14ymedio bigger14ymedio, José A. Adrián Torres, Málaga, Spain, June 6, 2026 /
Rolando Gallardo published on 30 May, in 14ymedio, a thought-provoking article on North American intervention in Cuba and the possibility that history might repeat itself. His argument has a defensible core: the US occupation of 1899-1902 effectively addressed the sanitary, administrative, educational and logistical problems the island was suffering acutely in the aftermath of war. To deny this would be absurd. The Cuba that the United States encountered was wounded, impoverished, exhausted and disorganized. The war of independence, the reconcentration policy, the destruction of fields, roads and sugar mills, and the final collapse of Spanish power had left a critical situation.

But acknowledging that reality is one thing, and quite another to present the Cuba of 1899 as though it had been a wasteland of poverty, ignorance and general neglect upon which Washington had to build everything from scratch. That is where the comparison becomes too convenient. And convenient comparisons tend to have a problem: they explain a great deal all at once, but they understand very little. Complex matters are not explained by simple reasons – those only make them more digestible for the public or the voter. Turning 1899 into a template for the present distorts history and oversimplifies the future.
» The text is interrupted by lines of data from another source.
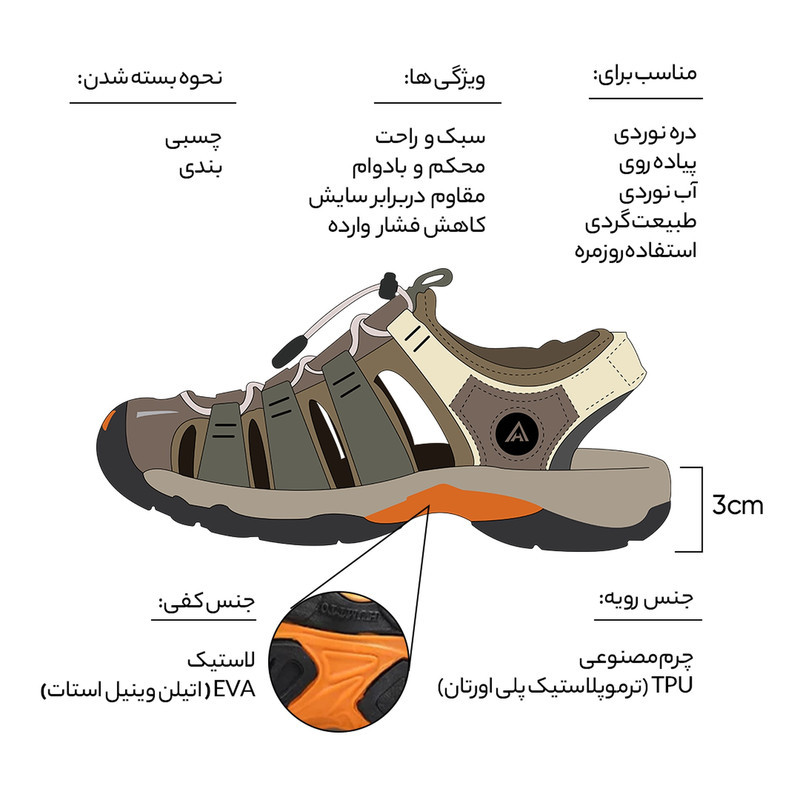 صندل مردانه هامتو مدل 710445A-17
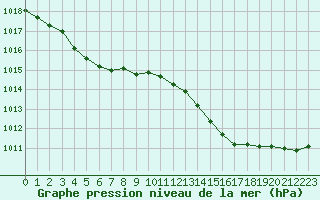 Courbe de la pression atmosphrique pour Berson (33)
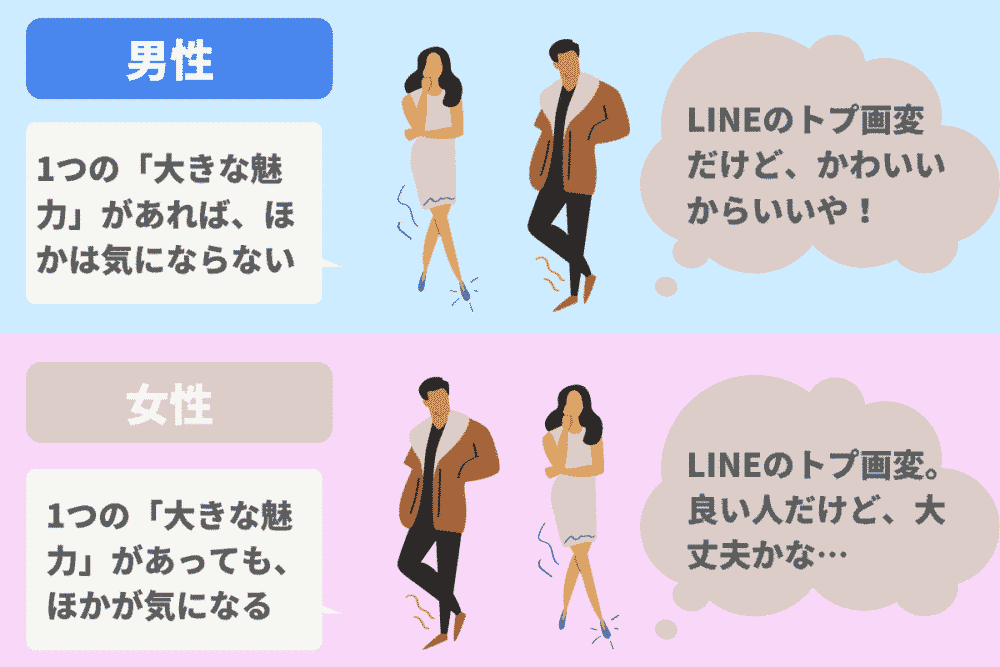 男性にオススメ モテるlineのトプ画5選 女性250人への調査で判明 オトメゴコロ研究所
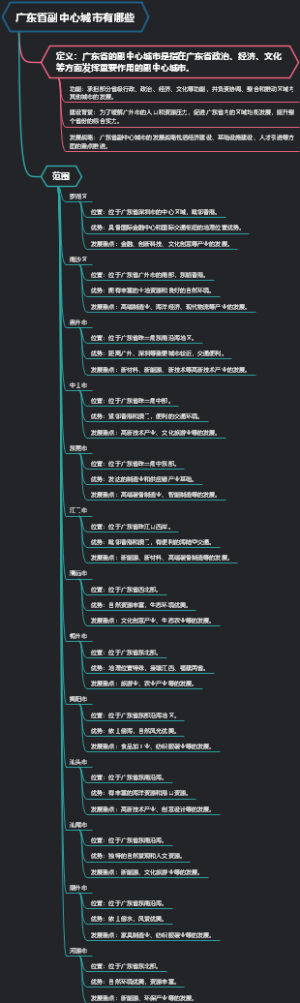 广东省副中心城市有哪些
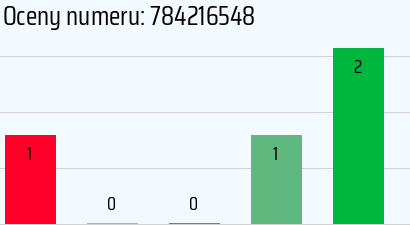 Numer telefonu 784216548 784216548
Late nineteenth-century Cuba was not a blank page. It was a society devastated by war, yes, but also an urban, port-based, sugar-producing, commercial and culturally rich society. Havana, Matanzas, Santiago, Cienfuegos, Trinidad, Camagüey and Holguín were not villages lost among palm trees, mosquitoes and tropical resignation. They were centers with history, architecture, printing presses, theatres, cultural societies, international trade, ports, economic activity and a complex social life. One must not confuse an island ravaged by war with an island that had no existence before the arrival of the North American administrator with his ledger, his sanitation brigade and his wholesome faith in efficiency.

Avenida Zulueta in Havana, in 1900. / Library of Congress

It bears saying plainly, because otherwise one falls into a new version of the old Black Legend, now pressed into the service of a North American White Legend. Spain arrived at 1898 breathless, politically defeated and with a manifest inability to offer Cuba any acceptable way forward.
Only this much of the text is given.